The rules of the World Trade Organisation (WTO) do not grant enough leeway. They must be relaxed and certainly not tightened. According to the Committee on World Food Security (2011, p. 47) another lesson from the 2008 hunger crisis is that the impact of world market prices on national markets depended to a large extent on the effectiveness of policy measures adopted to insulate the domestic markets from the international markets. Apart form export restrictions, such policy measures include temporary tariff reductions, recourse to state granaries as well as subsidising food and/or farms. The WTO considers all of them “market-distorting practices”.

It is true that export restrictions can inflate world market prices even further in times of crisis.

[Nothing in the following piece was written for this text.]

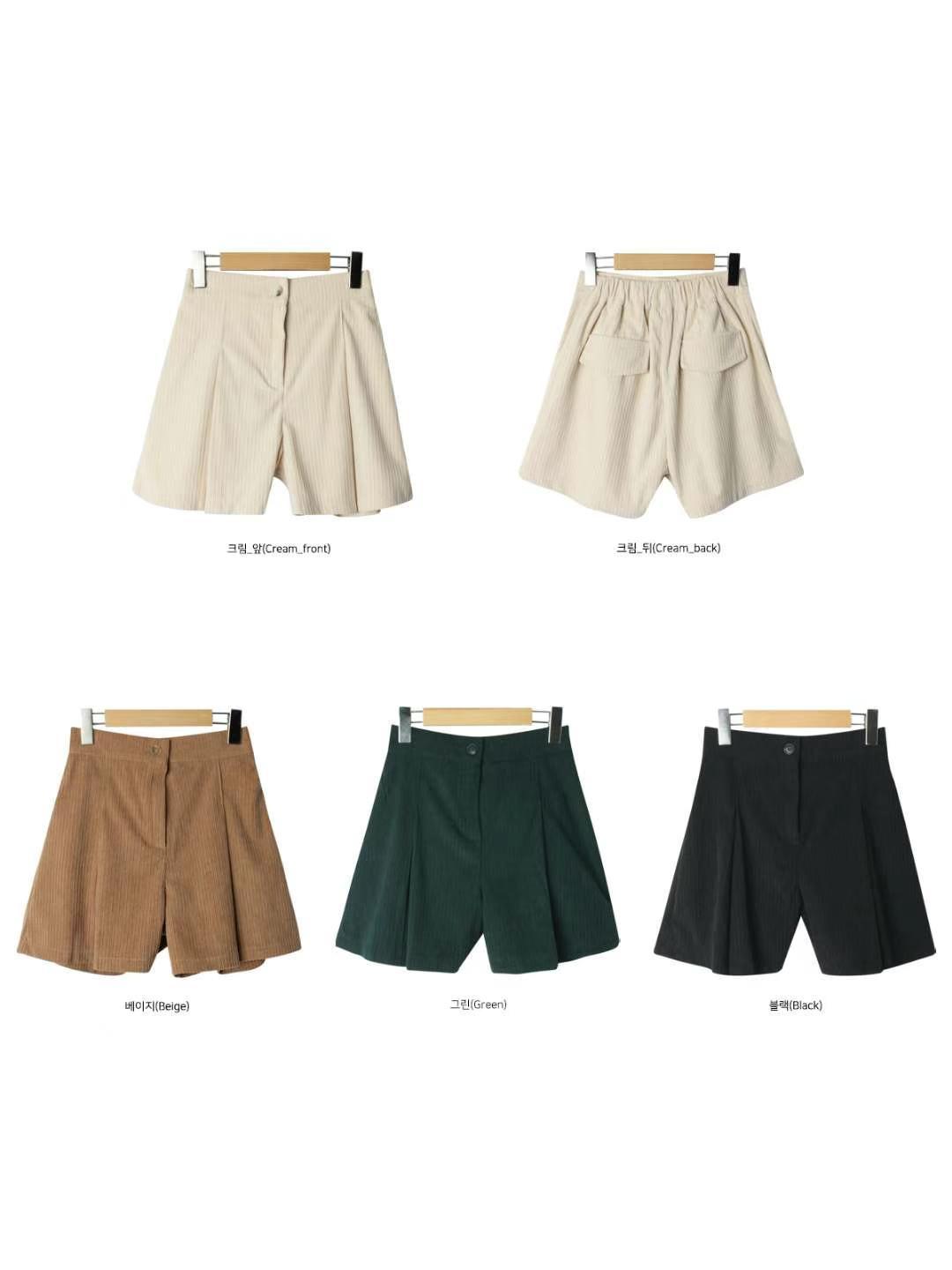 Light corduroy shorts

Nevertheless, they are often necessary. In India from 2003 to 2007, restrictions of this kind contributed to the price of rice increasing by only five percent, while the price on the world market price rose by 25 % (CFS 2011, p. 5). Obviously, better international coordination is needed and export restrictions must be banned when there is a threat of humanitarian emergencies. However, complete prohibition of export restrictions would be neither justifiable nor politically viable.

There must be an end to the dogmatic “one size fits all” policy. Different countries must be allowed to pursue their own trade and agricultural policies, and international rules must not prevent them from doing so.